UK's Serious Fraud Office (SFO) Secures First-Ever Deferred Prosecution Agreement (DPA)
On 30 November, the UK's Serious Fraud Office (SFO) gained approval of its first-ever Deferred Prosecution Agreement (DPA) in the first resolution of a case under section 7 of the UK Bribery Act. The case involved allegations that Standard Bank Plc (now ICBC Standard Bank Plc) (Standard Bank), had failed to prevent bribery in violation of section 7.
Although common in the U.S., the SFO only gained the power to offer companies DPAs in February 2014. However, to do so, SFO must first determine that it is within the public's interest to forgo a criminal prosecution and ultimately have this determination confirmed by the Crown Court. After reviewing the results of an investigation performed by Standard Bank's solicitors, the Director of the SFO concluded a DPA met this criterion; Lord Justice Leveson from the Royal Courts of Justice approved the DPA on November 30.
The Director of the SFO, David Green, commented that this "landmark DPA" will be used as a template for future agreements, putting companies on notice that the SFO's use of DPAs will become more common.
According to the agreed Statement of Facts, the suspended charge involved a Stanbic Bank Tanzania-initiated payment of $6 million (USD) in March 2013 to a local partner in Tanzania, Enterprise Growth Market Advisors (EGMA). Stanbic Bank Tanzania is owned by the same parent company as Standard Bank, South Africa's Standard Bank Group.

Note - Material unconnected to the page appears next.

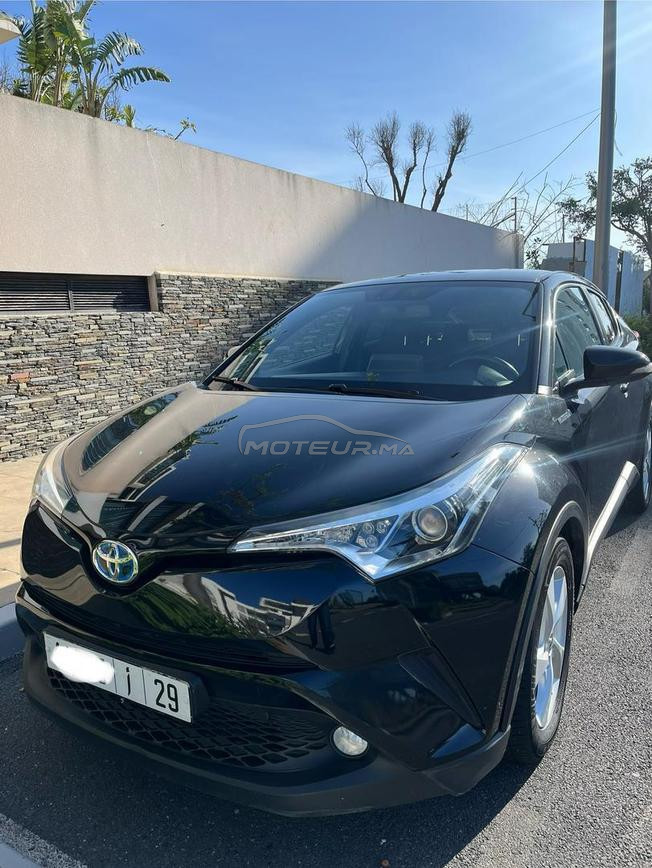 Toyota CHR Hybride Auto comme neuve 1er Main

The payment was intended to persuade members of the Government of Tanzania to support Stanbic Tanzania and Standard Bank's proposal for a $600 million (USD) private placement to be carried out on behalf of the Government of Tanzania. A private placement is the funding of securities through a private offering, rather than a public one. In this case, the placement generated transaction fees of $8.4 million (USD), which were shared by Stanbic Tanzania and Standard Bank.
Standard Bank voluntarily disclosed the matter to the UK's Serious and Organised Crime Agency on 18 April 2013 and to the SFO on 24 April 2013.
The DPA requires Standard Bank to pay financial orders of $25.2 million (USD), $7 million (USD) in compensation to the Government of Tanzania, and the SFO's costs of £330,000 ($496,000 USD). Further, the Bank must continue to fully cooperate with the SFO, as well as undergo an independent review of its existing anti-bribery and corruption controls, policies and procedures regarding compliance with the Bribery Act of 2010 and other applicable anti-corruption laws, and then to implement any findings.
According to the SFO press release, the SFO worked hand-in-hand with the U.S. Department of Justice (DOJ) and Securities and Exchange Commission (SEC). Standard Bank agreed to a Cease and Desist Order and a related $4.2 million (USD) penalty to the SEC related to failure to disclose to investors the payments made by Stanbic Bank Tanzania and the existence of EGMA and the fees it was to receive. DOJ issued a declination letter once the DPA was approved, which indicates it will not be pursuing any enforcement action.